** Opening DATA BELOW block **

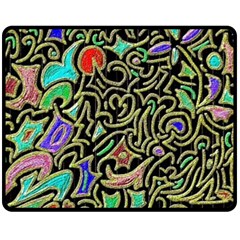 Swirl Retro Abstract Doodle Fleece Blanket (medium)  by dressshop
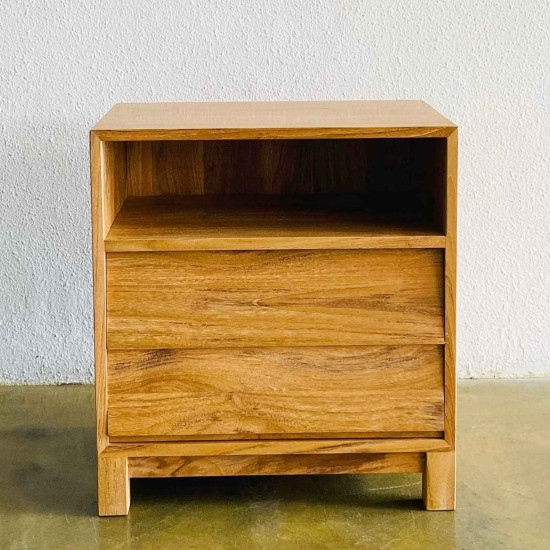 Marlo Bedside Meja Nakas Laci Minimalis Jati Solid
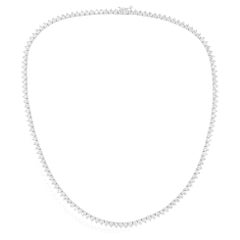 16.98 Carat SI/H Round Brilliant Cut Diamond Tennis Necklace 18 Karat White Gold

** Closing DATA BELOW block **

PROBLEM TO WORK ON: The listing above is to be retyped exactly, with all pictures left out.

RESULT OF THE EXERCISE:
 Swirl Retro Abstract Doodle Fleece Blanket (medium)  by dressshop
 Marlo Bedside Meja Nakas Laci Minimalis Jati Solid
 16.98 Carat SI/H Round Brilliant Cut Diamond Tennis Necklace 18 Karat White Gold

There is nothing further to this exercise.